The indication that life is a loan is clearly seen in the parable of the talents. All loans must render interest; our lives must be profitable; they must be productive; not necessarily reproductive, but productive. We must leave this world a better place than when we found it; we have to make a difference, be part of the solution and not part of the problem; in other words, our lives should contribute to the solution of a better world, and not contribute to its problem, that is, leave the world in a worse shape than when we found it. As suggested by the parable of the talents, we need to do something with our life, we cannot return it exactly as we have received it.

All good stewards have the "books" in order because no one knows the day nor the hour when the owner, or the government auditor, will come to inspect the accounts. For this reason we need to make regular check-ups of our stewardship.  On this regard, the Church has a sacrament, the sacrament of penance; those who use this sacrament periodically, providing accounts of inputs and outputs, will know whether their finances are growing or are heading for bankruptcy. It is also an indispensable exercise of self-evaluation for personal growth at all levels.

Builders, not architects -- Every one of us comes into this world as part of a big project. We came because God willed it. The circumstances of our birth are irrelevant; they neither increase nor decrease our dignity. We are as much sons and daughters of God irrespective of how we were conceived, be it out of love, from accident, from prostitution, a night of pleasure or even as the result of a rape. Every human life that comes into this world, from conception to its natural death, is precious and viable, and therefore sacred.

God writes straight on crooked lines.

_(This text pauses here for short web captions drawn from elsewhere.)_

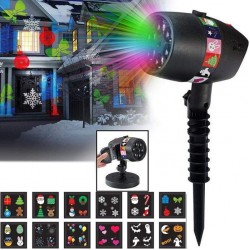 Star Slide Show LED Projector By Star Shower 12 slides Χριστουγεννιάτικος Αδιάβροχος Προβολέας Laser Εξωτερικού Χώρου (TYD12-UK)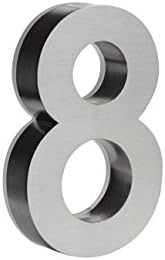 12 Inch Backlit LED House Numbers | Big, Modern lights Address Signs for Homes | Soft, Exterior Glow | Stainless-Steel Black Finish | Weather Resistant, Durable | by JELSCO (8, Arial Stainless)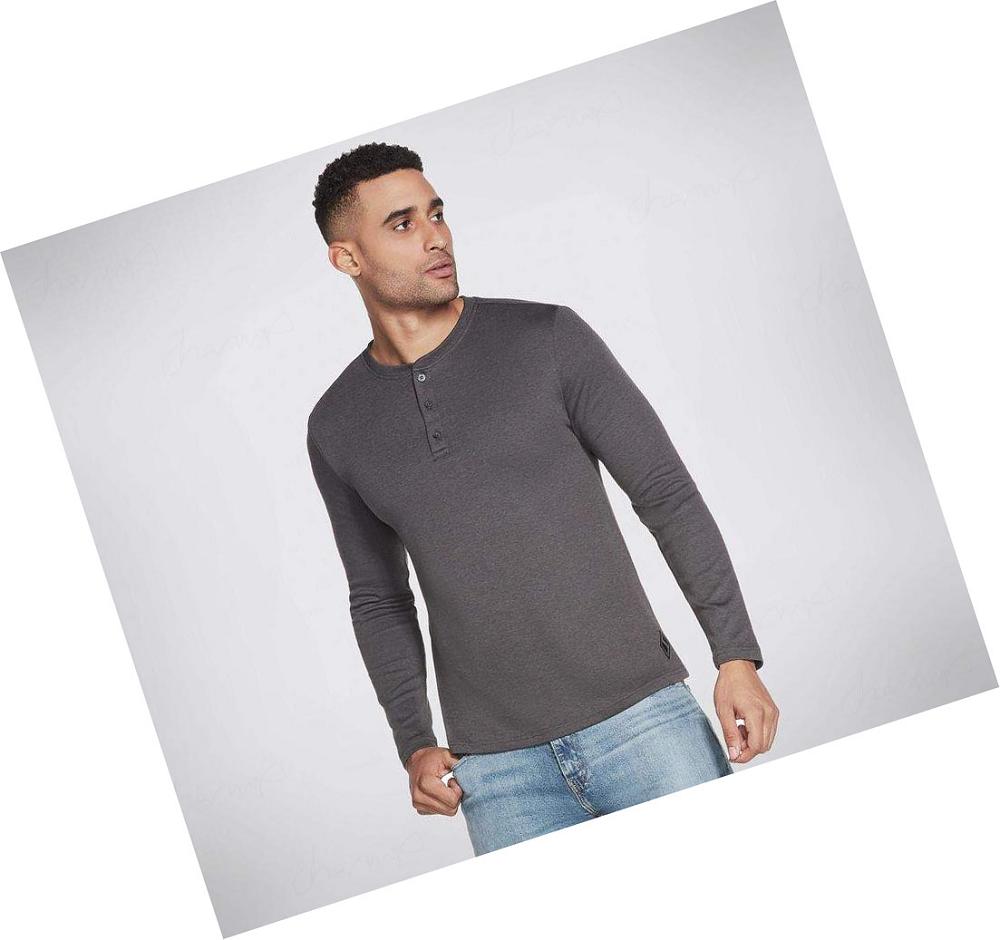 Sudadera Skechers Apparel GOknit Pique Henley Hombre Gris | A900L_AR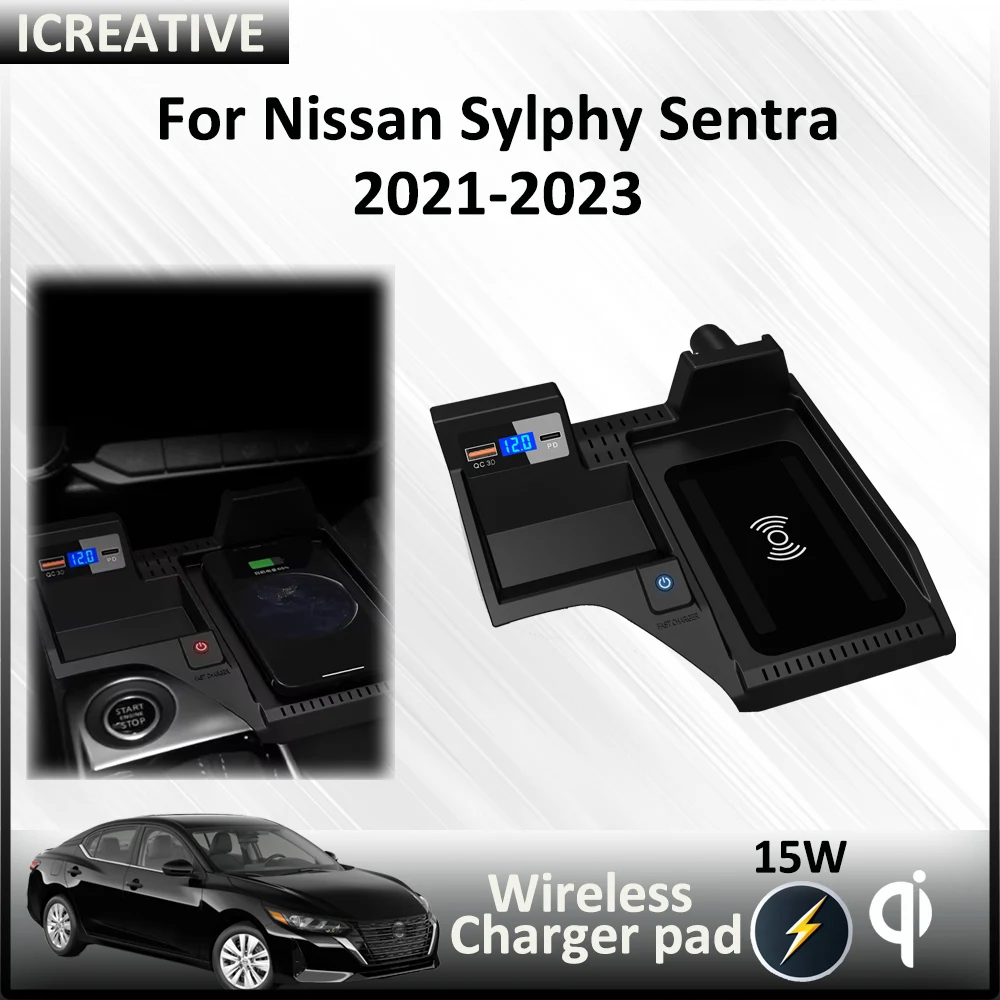 

15W Fast Phone Wireless Charger Car Qi Charging Pad for Nissan Sylphy Sentra 2021 - 2023 Car Accessories Wireless Charger Holder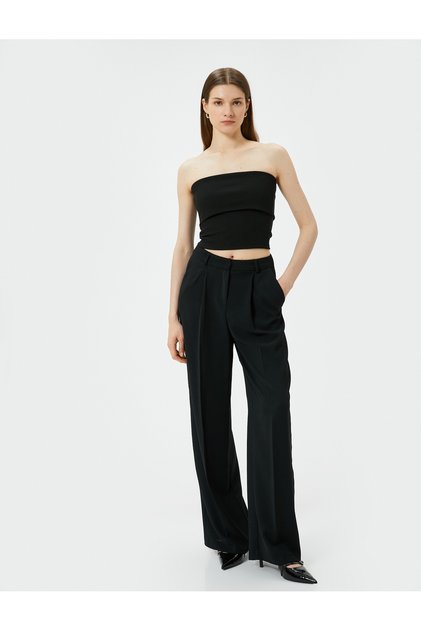 Strapless Layer-Detail Ribbed Slim-Fit Top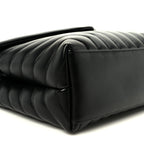 Calfskin Y Quilted Monogram Medium Loulou Chain Satchel Black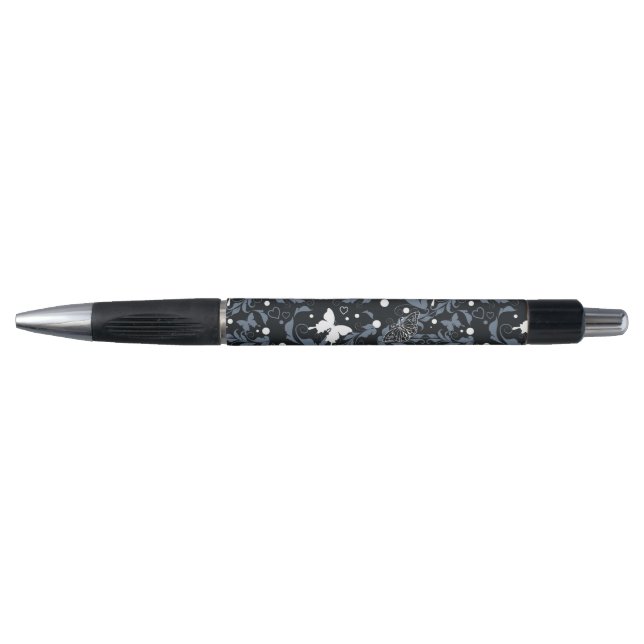 Caneta Teste padrão de borboleta preto & branco (Frente)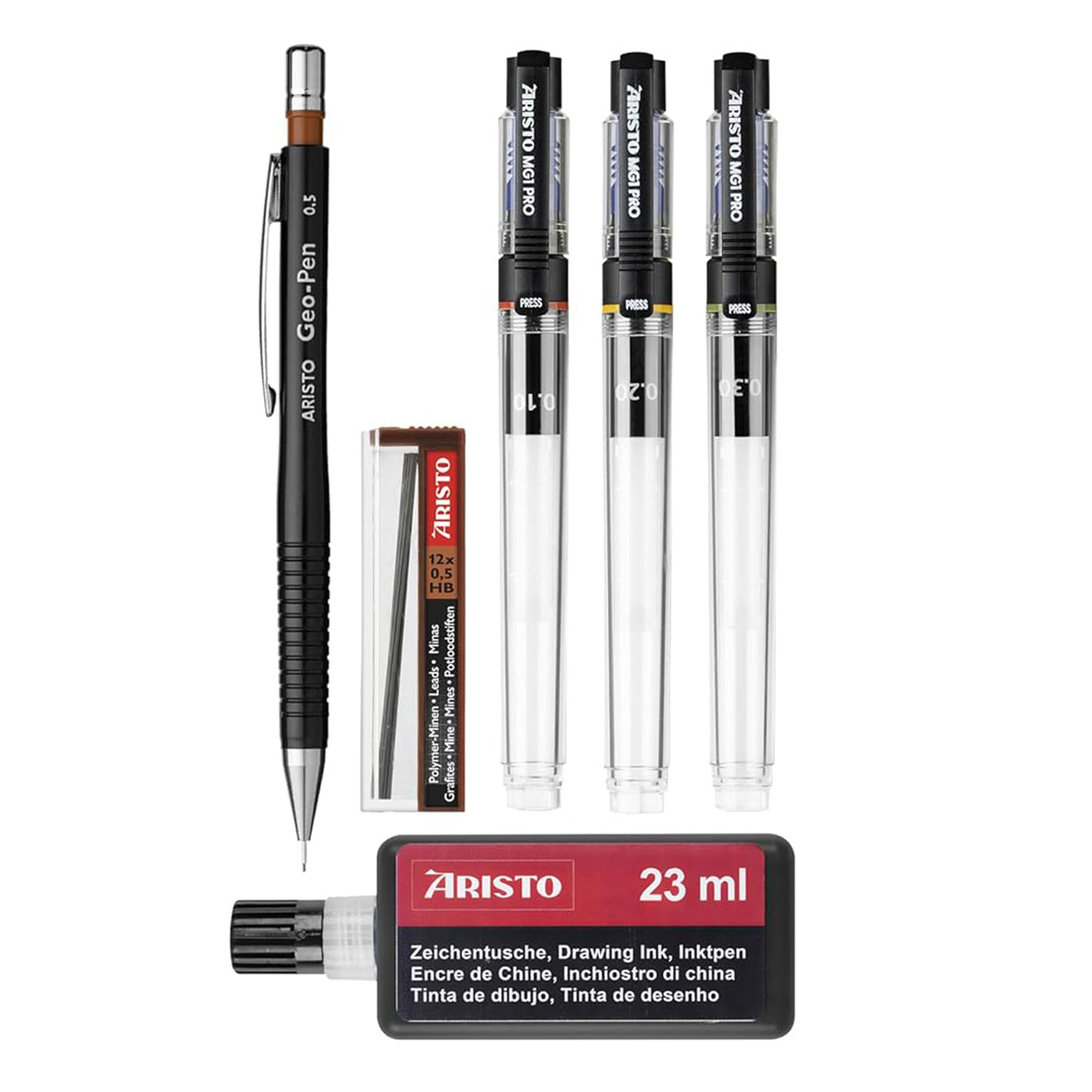 Aristo | Technical Drawing Pen | 0.1mm,0.3mm,0.5mm with 0.5mm Geo-pen | Mechanical Clutch Lead Pencil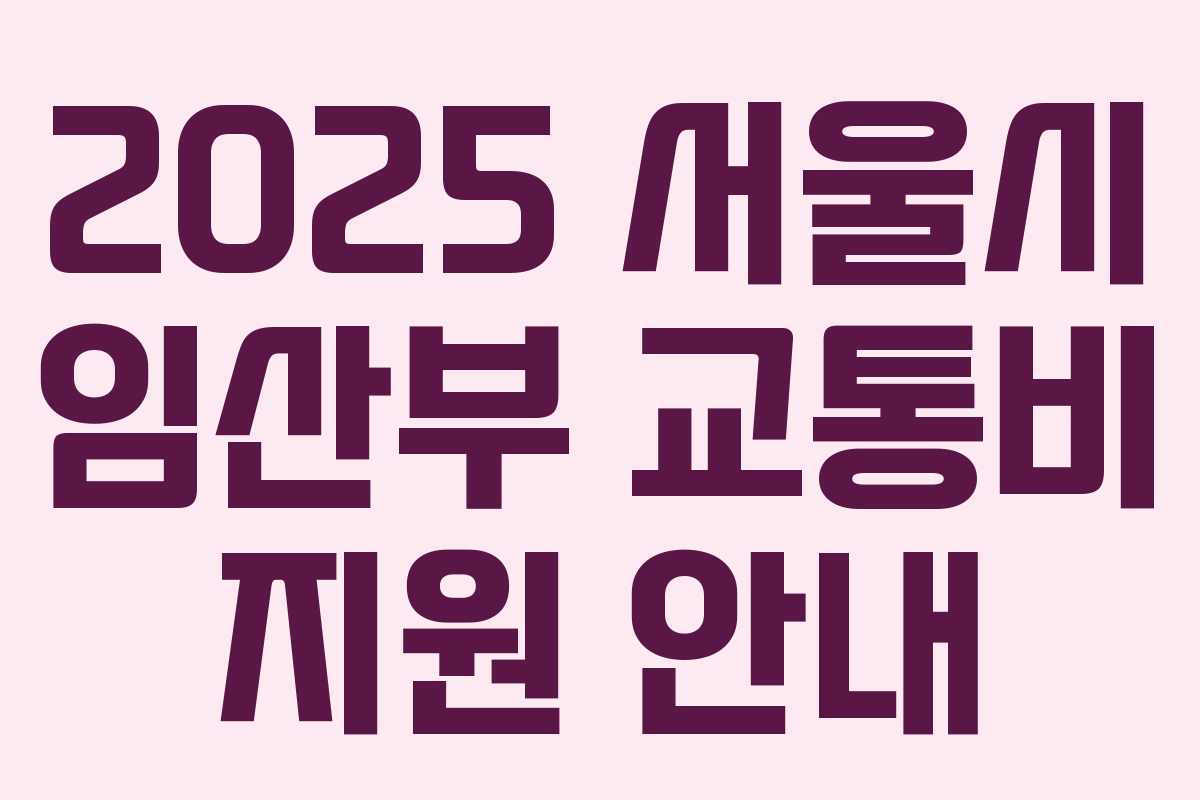 2025 서울시 임산부 교통비 지원 안내
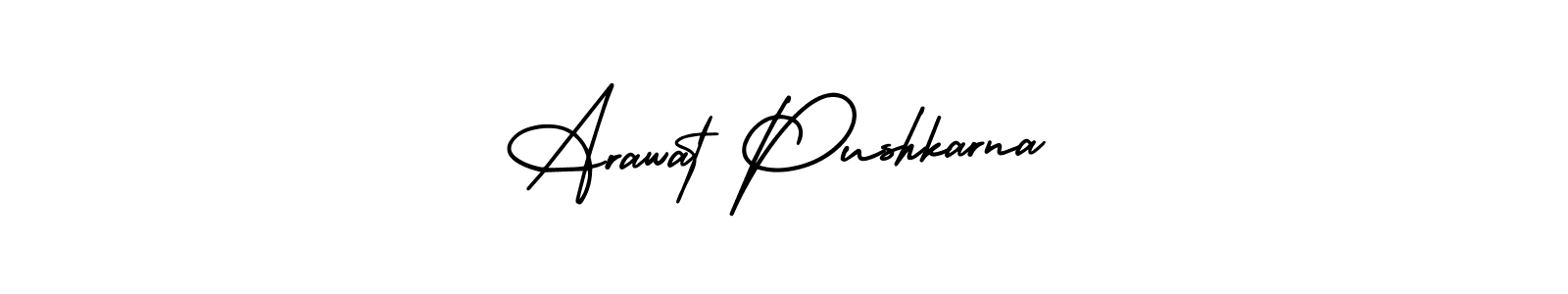 This is the best signature style for the Arawat Pushkarna name. Also you like these signature font (AmerikaSignatureDemo-Regular). Mix name signature. Arawat Pushkarna signature style 3 images and pictures png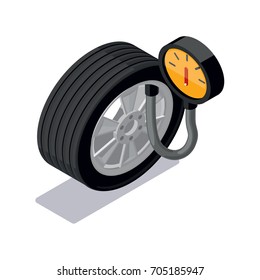 Isometric car compressor icon
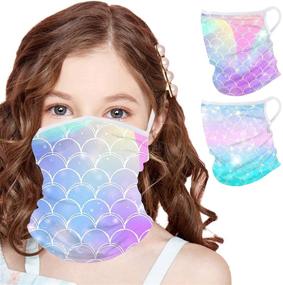 img 2 attached to Kid's Dust-Proof Bandana Face Masks: 2/4 PCS with Ear Loops for Boys and Girls - Headband and Scarf Combo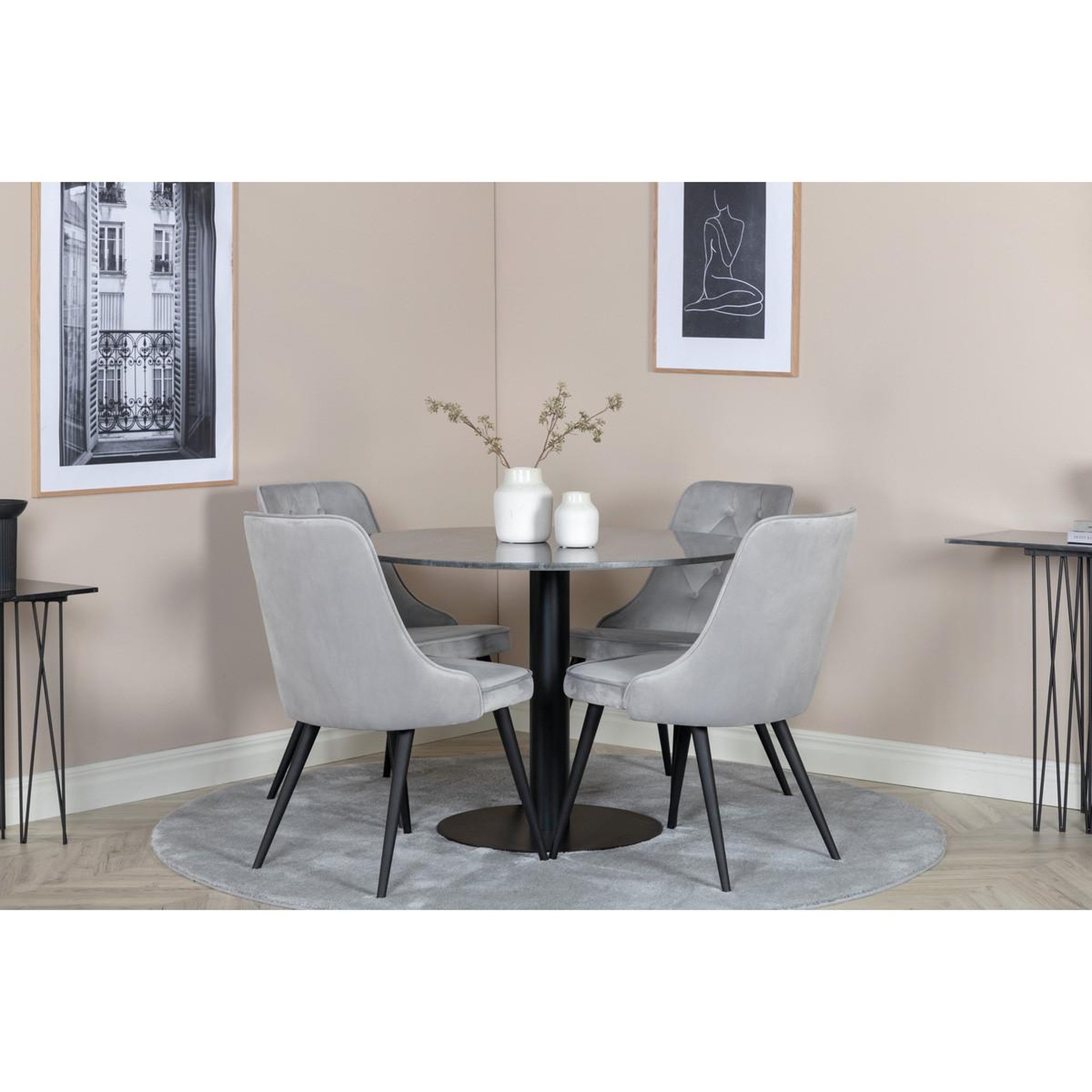 Voir la diapositive 5 : Paris Prix Table à manger en marbre  estelle  106cm gris foncé & noir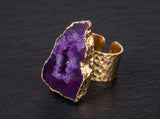 Anillo Ajustable con Piezas de Ágata Natural | Diseño Bohemio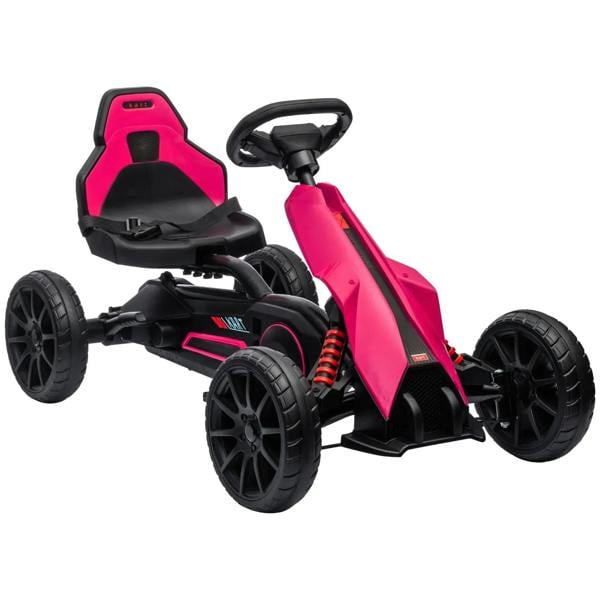 Kids pink pedal go-kart with adjustable seat, black handlebar, EVA wheels, handbrake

Both our righteousness and our sinfulness serve to carry out God’s designs.  For Him there are no illegitimate children nor children of blue blood; to everyone He is the Father; we are all equal in dignity, heirs to the eternal life...

Just as no houses in our cities and villages are built without first being properly designed and planned, no life comes into this world without God having mapped out a project for it; that is, without Him first designing a plan.

You did not choose me but I chose you. And I appointed you to go and bear fruit, fruit that will last, so that the Father will give you whatever you ask him in my name. (Jn. 15:16) -- We are therefore not the designers of our destinies; we are called to be a house built on rock, if we listen to the Word, that is, if we know the plan that relates to our lives, and put it into practice, bringing it into fruition according to the plan designed by God.

Since we are not the owners of our lives we are also not the architects but rather the masons or master-of-works. The architect of everything and everyone, the Creator of all is God; the design, project or plan for our lives is with Him and for us to know what it is we need to periodically consult Him, as we build our lives, our homes.

The builder who does not consult the architect on a regular basis runs the risk of building something not according to the plan. Just as it is always embarrassing when this happens in our cities, houses that were not given the permit to be inhabited, some even to the point of needing to be torn down because they were not built according to the drawing.  A worse embarrassment still is to stand before God with a life lived against His will.

The regular consultation, continuous and constant, that the builder must make with the architect is called prayer. Jesus used to spend the whole night in prayer to know what God’s will was for him. We too must do likewise because it is His will and not ours that we must act upon. It is He who calls us and gives us the vocation and sufficient talents to make our lives viable in a profession or a mission.

Just as the builder only asks for the instructions of the foundation when he is working on the foundation, and not for the instructions of the roof, because the time has not yet come to build it, prayer should be a continuous and constant process that goes step by step with the building of our lives. The vision of the whole and the ensemble, the design as well as the model of the plan, only God has them and only at the end will we see and be confronted with the final result. Those who never pray will never know what God’s plan is concerning them...

The true disciple of Christ is obedient, just as the Master is obedient to the Father. Whoever loves me follows my commandments; the disciple is the one who hears the word and puts it into practice.  To remain faithful to the message of the Master means therefore to obey the directives of this message.

The truth leads to freedom, freedom leads to the truth
Mastering oneself is the greatest of empires...
How can anyone say that he is free if he is governed by his own desires? Socrates
I am the Way, the Truth and the Life. (Jn. 14:6)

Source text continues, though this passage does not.